You can download the full source code of this tutorial and the CSV files here.

And you, what will you use to calculate the standard deviation of your data? Pandas or NumPy?

If you are getting started with Data Science have a look and this introduction to Data Science in Python created by DataCamp.

How does python calculate standard deviation in pandas?

I’m a Tech Lead, Software Engineer and Programming Coach. I want to help you in your journey to become a Super Developer!

How does Python calculate standard deviation?

The standard deviation is the square root of the average of the squared deviations from the mean, i.e., std = sqrt(mean(x)) , where x = abs(a - a. mean())**2 . The average squared deviation is typically calculated as x. sum() / N , where N = len(x) .

What is STD function in pandas?

std() function to find the standard deviation of the given Series object. # importing pandas as pd. import pandas as pd.

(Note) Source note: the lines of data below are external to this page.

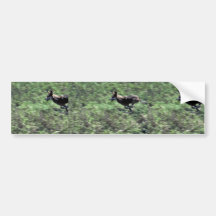 Red Wolf (running) Bumper Stickers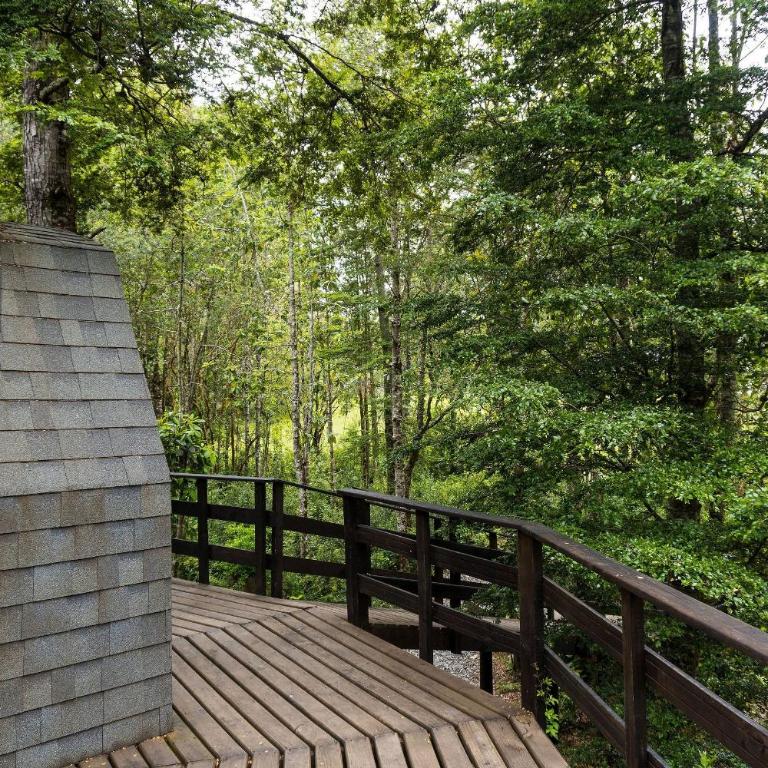 Hermoso domo en altura entre el bosque nativo + tinaja privada - Apartment - 9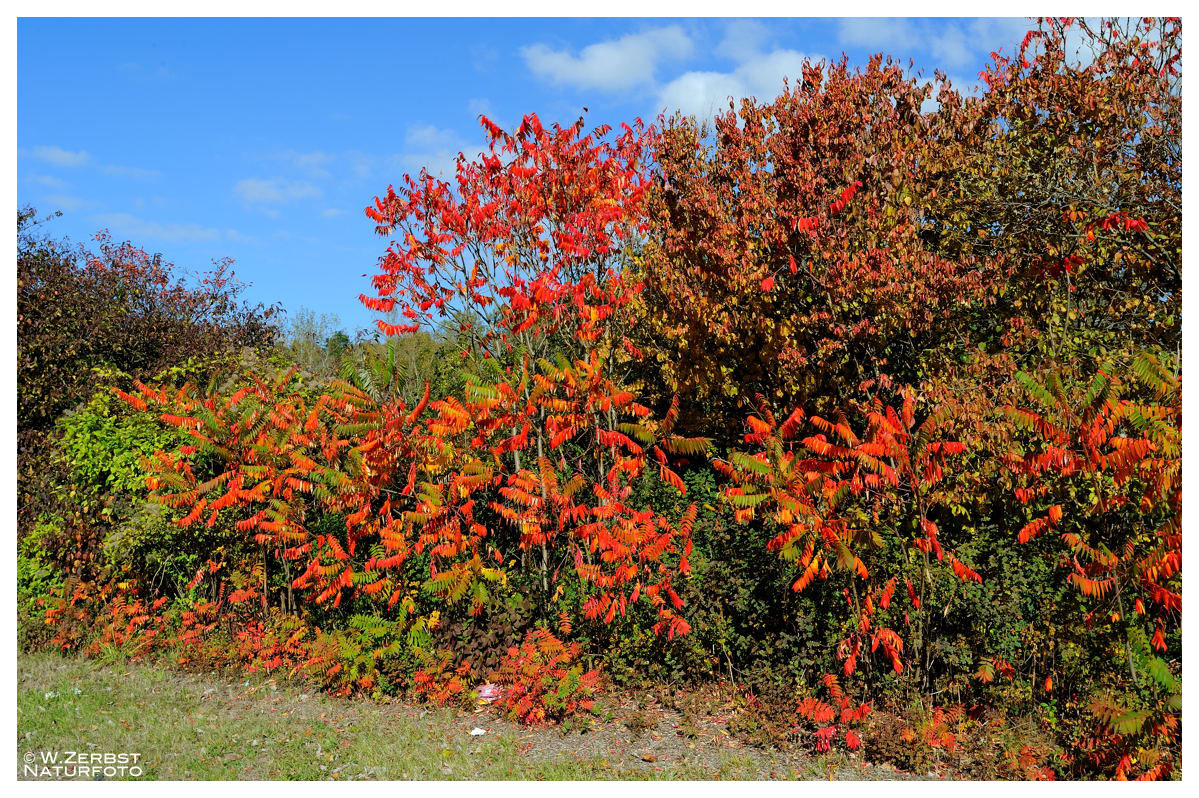 - Herbstfarben 2 -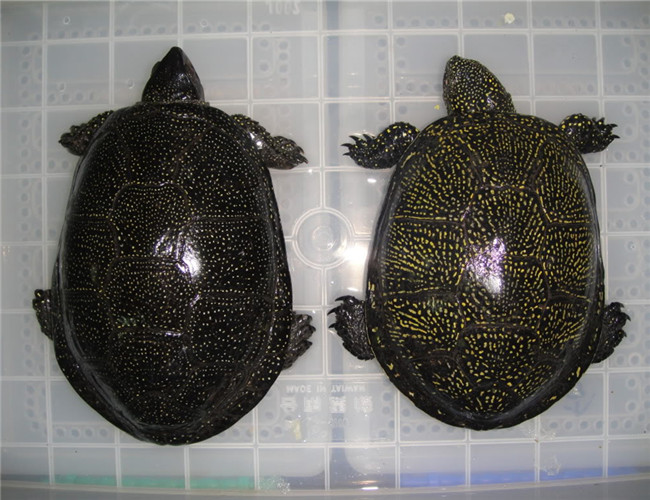 歐洲澤龜
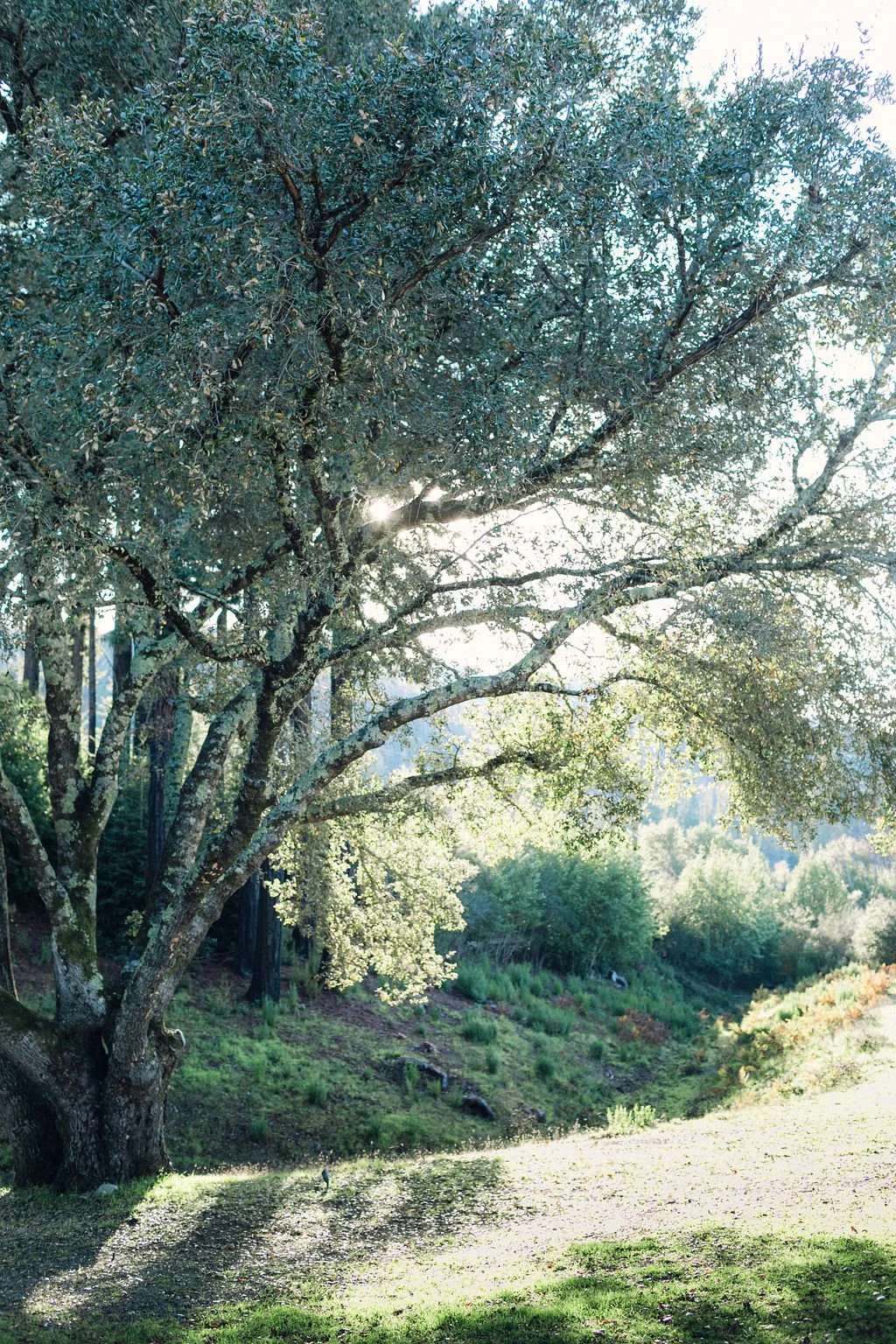 kalla-oaks.jpg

How does Python calculate variance in pandas?

You can calculate the variance of a Pandas DataFrame by using the pd. var() function that calculates the variance along all columns.

How do you find the standard deviation of a row in pandas?

Pandas DataFrame std() We can get stdard deviation of DataFrame in rows or columns by using std(). Int (optional ), or tuple, default is None, standard deviation among all the elements. If axis given then values across the axis is returned. int ( Optional ),default is None, for multiindex Axis.